Así es como aquel día, Mariana despertó con el suave repiqueteo de una fina llovizna. Tan inesperada como la llegada de la inspiración. No le hizo falta consultar la agenda para comprender que no había nada previsto para aquella mañana que no pudiese atrasar un par de horas. Con un delicioso café con leche por delante, se sentó a transformar las imágenes de su mente en una historia que todos pudiesen comprender.
La encina
La cocina de una casa en mitad de la campiña. Acaba de amanecer y la luz débil del alba de una fría mañana de enero alumbra la estancia a través de una majestuosa ventana.
La pequeña Olga juega con los cereales. Come y juega al mismo tiempo. A su lado, su anciana abuela prepara el café, aromatizando la estancia.

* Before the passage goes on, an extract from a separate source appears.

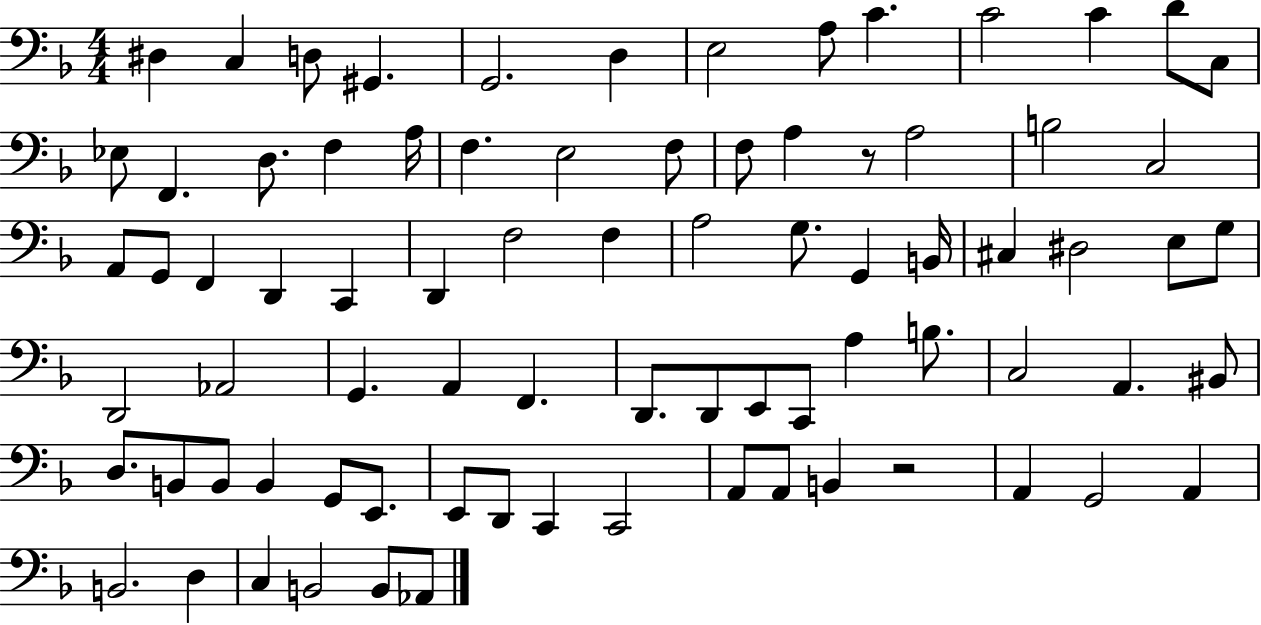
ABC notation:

-Abuela, ¿qué le pasa a ese árbol? –pregunta Olga, señalando las formas de una encina que se dibujan a través de la ventana. Es pleno invierno y el árbol, a pesar de lo robusto de su tronco, parece exhausto de luchar contra las inclemencias del tiempo. Es un árbol hermoso.

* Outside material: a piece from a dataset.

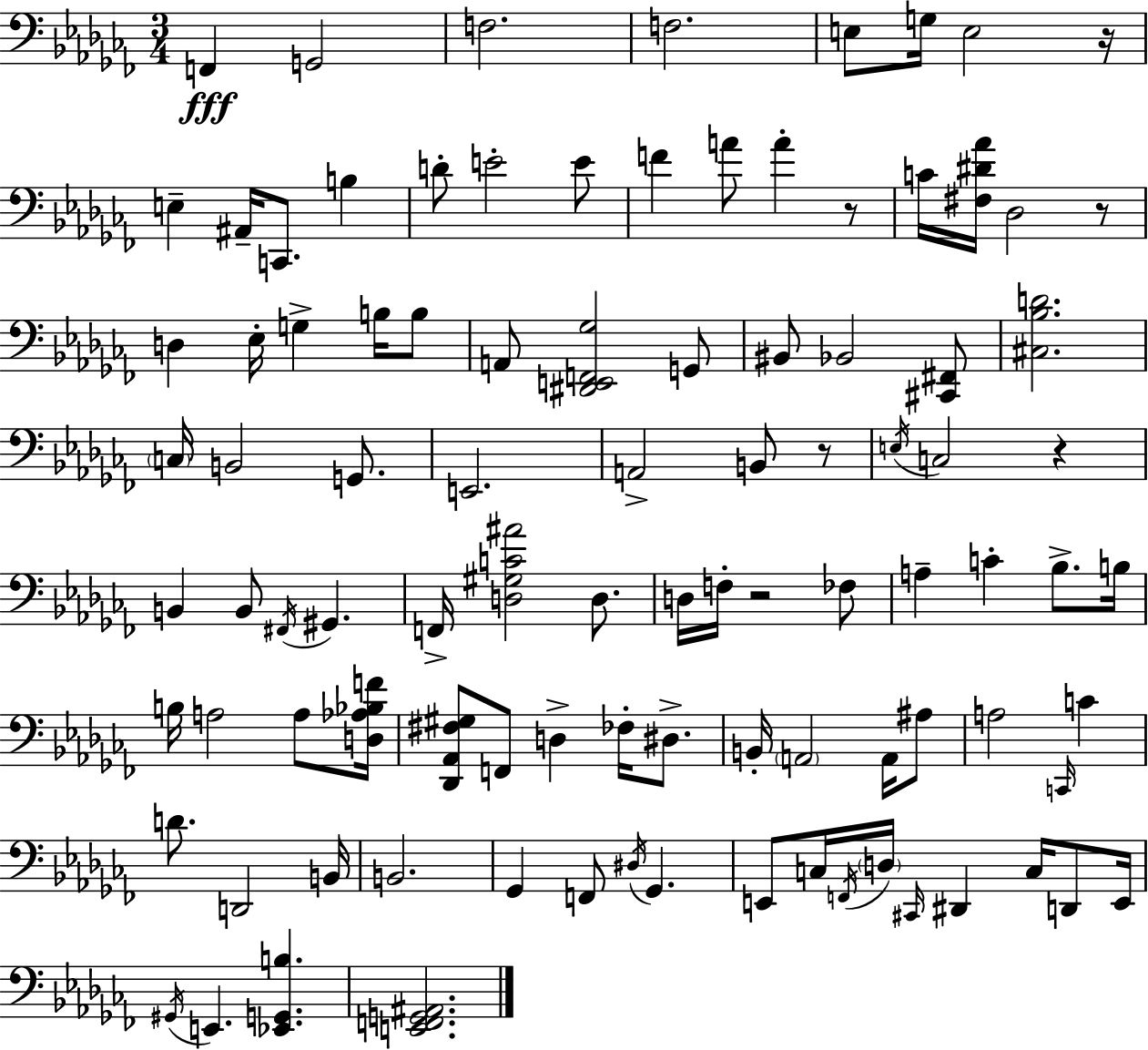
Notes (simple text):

-Está invernando, cariño. Como hace tanto frío, ha decidido ceder sus hojas y centrarse en calentarse por dentro. Aunque nosotras no lo veamos, en su interior un gran flujo de vida fluye a través del árbol. Es un flujo multicolor, lleno de magia y diversos entes. ¿No te parece un árbol hermoso?
-Abuela, es solo un árbol.
-Yo creo que es hermoso. Solo ahora que se ha desprendido de las hojas es que podemos ver toda su belleza y complejidad. Cada una de esas ramitas, Olga, está viva.

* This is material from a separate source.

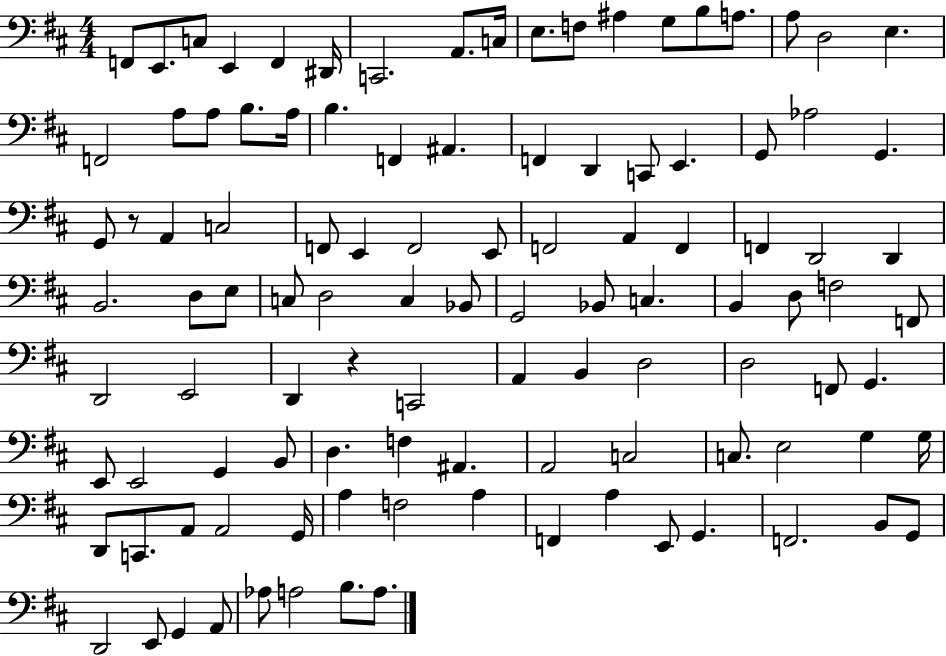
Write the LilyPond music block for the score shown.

-Abuela, ¿los árboles pueden amar?
-Por supuesto. Los árboles y, en general, todas las plantas poseen un amor que se llama amor universal. Ellas viven y respiran para que nosotros, los humanos, podamos existir. Y lo hacen sin pedir nada a cambio.
Olga vuelve la mirada a sus cereales sin decir palabra, pero su abuela continua sin apartar la vista de la encina. Es incapaz de determinar si Olga ha entendido sus palabras, pero tampoco eso importa ya. Con un poco de suerte sus palabras también habrán creado un flujo de energía en el interior de su nieta y se quedarán invernando hasta que un día, dentro de algunos años, puedan cobrar un significado completo.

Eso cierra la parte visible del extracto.